What we actually learned building it
A few things only became clear once we’d done the work.
You grow it, you don’t install it. People don’t want to “deploy an operating system.” They want one annoying task to take less time today. Each small win quietly brings more context and more capability onto the system. The bigger thing gets built without anyone announcing it.
Keep the decision with the human. Knowledge work is gathering, analyzing, and deciding — and humans are genuinely fast at the deciding part. The leverage is in pointing AI at the gathering and the analyzing, and leaving the call with people. It’s safer, and the review costs much less than you’d expect.
The real prize is depth, not speed. It’s tempting to use AI to do the same work, faster. The more interesting direction is doing the things you couldn’t do before — going further on a research question, building a tool that wouldn’t have been worth the effort, getting to a quality bar that used to be out of reach.
What it comes down to
A Company OS isn’t a product you install — it’s a foundation you grow. One useful thing at a time, until your company runs on something coherent instead of something duct-taped together.

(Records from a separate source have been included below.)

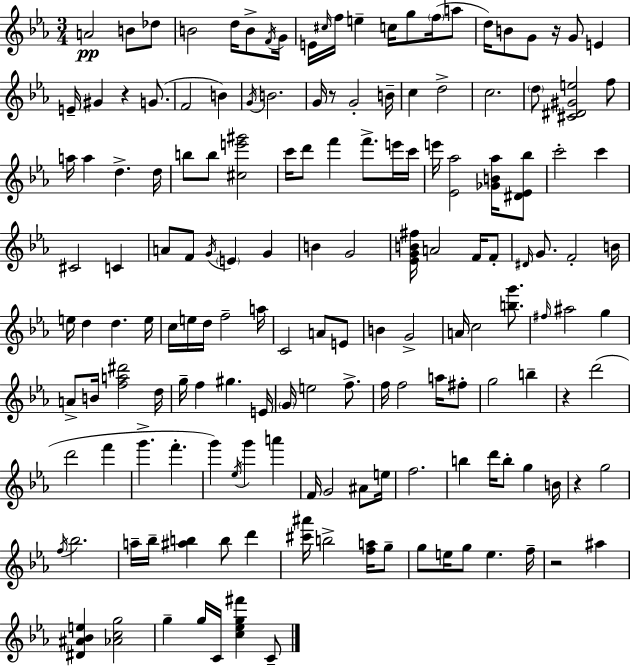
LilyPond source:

{
  \clef treble
  \numericTimeSignature
  \time 3/4
  \key ees \major
  a'2\pp b'8 des''8 | b'2 d''16 b'8-> \acciaccatura { f'16 } | g'16 e'16 \grace { cis''16 } f''16 e''4-- c''16 g''8 \parenthesize f''16( | a''8 d''16) b'8 g'8 r16 g'8 e'4 | \break e'16-- gis'4 r4 g'8.( | f'2 b'4) | \acciaccatura { g'16 } b'2. | g'16 r8 g'2-. | \break b'16-- c''4 d''2-> | c''2. | \parenthesize d''8 <cis' dis' gis' e''>2 | f''8 a''16 a''4 d''4.-> | \break d''16 b''8 b''8 <cis'' e''' gis'''>2 | c'''16 d'''8 f'''4 f'''8.-> | e'''16 c'''16 e'''16 <ees' aes''>2 | <ges' b' aes''>16 <dis' ees' bes''>8 c'''2-. c'''4 | \break cis'2 c'4 | a'8 f'8 \acciaccatura { g'16 } \parenthesize e'4 | g'4 b'4 g'2 | <ees' g' b' fis''>16 a'2 | \break f'16 f'8-. \grace { dis'16 } g'8. f'2-. | b'16 e''16 d''4 d''4. | e''16 c''16 e''16 d''16 f''2-- | a''16 c'2 | \break a'8 e'8 b'4 g'2-> | a'16 c''2 | <b'' g'''>8. \grace { fis''16 } ais''2 | g''4 a'8-> b'16 <f'' a'' dis'''>2 | \break d''16 g''16-- f''4 gis''4. | e'16 \parenthesize g'16 e''2 | f''8.-> f''16 f''2 | a''16 fis''8-. g''2 | \break b''4-- r4 d'''2( | d'''2 | f'''4 g'''4.-> | f'''4.-. g'''4) \acciaccatura { ees''16 } g'''4 | \break a'''4 f'16 g'2 | ais'8 e''16 f''2. | b''4 d'''16 | b''8-. g''4 b'16 r4 g''2 | \break \acciaccatura { f''16 } bes''2. | a''16-- bes''16-- <ais'' b''>4 | b''8 d'''4 <cis''' ais'''>16 b''2-> | <f'' a''>16 g''8-- g''8 e''16 g''8 | \break e''4. f''16-- r2 | ais''4 <dis' ais' bes' e''>4 | <aes' c'' g''>2 g''4-- | g''16 c'16 <c'' ees'' g'' fis'''>4 c'8-- \bar "|."
} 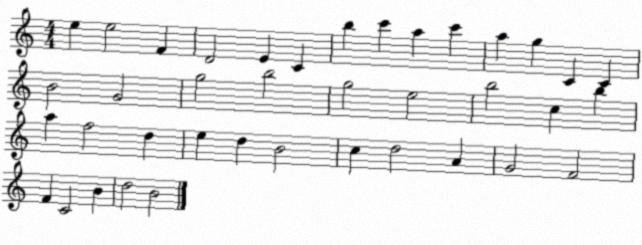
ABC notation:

X:1
T:Untitled
M:4/4
L:1/4
K:C
e e2 F D2 E C b c' a c' a g C C B2 G2 g2 b2 g2 e2 b2 c b a f2 d e d B2 c d2 A G2 F2 F C2 B d2 B2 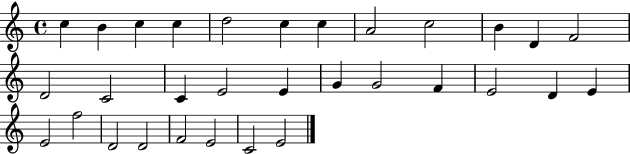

Luo is the platform for building that foundation. It connects to the tools you already use, turns your work into shared memory, automates the repetitive parts, and gives every person on the team an AI assistant that actually has the context to help.
You don’t deploy it. You start with one task, one tool, one small win — and let it compound.
Frequently asked
What is a Company OS?
A Company OS is the single system a company runs on — the layer that holds your knowledge, automates your processes, and lets AI act on your behalf with real context. Unlike traditional software, it isn’t installed; it’s grown, one useful win at a time.
How is a Company OS different from a regular SaaS tool?
A SaaS tool solves one problem in one silo. A Company OS is the layer underneath your tools — it connects them, holds the shared knowledge between them, and lets AI act across them with full context.
Do I need to replace my existing tools to use a Company OS?
No. The point of a Company OS is to make the tools you already use work together as one system. Luo connects to Gmail, Slack, CRM, calendar, docs, and 40+ other services rather than replacing them.
How do you start with a Company OS?
Start small. Connect one tool, automate one annoying task, or let the knowledge base capture context from work that’s already happening. The system grows from there.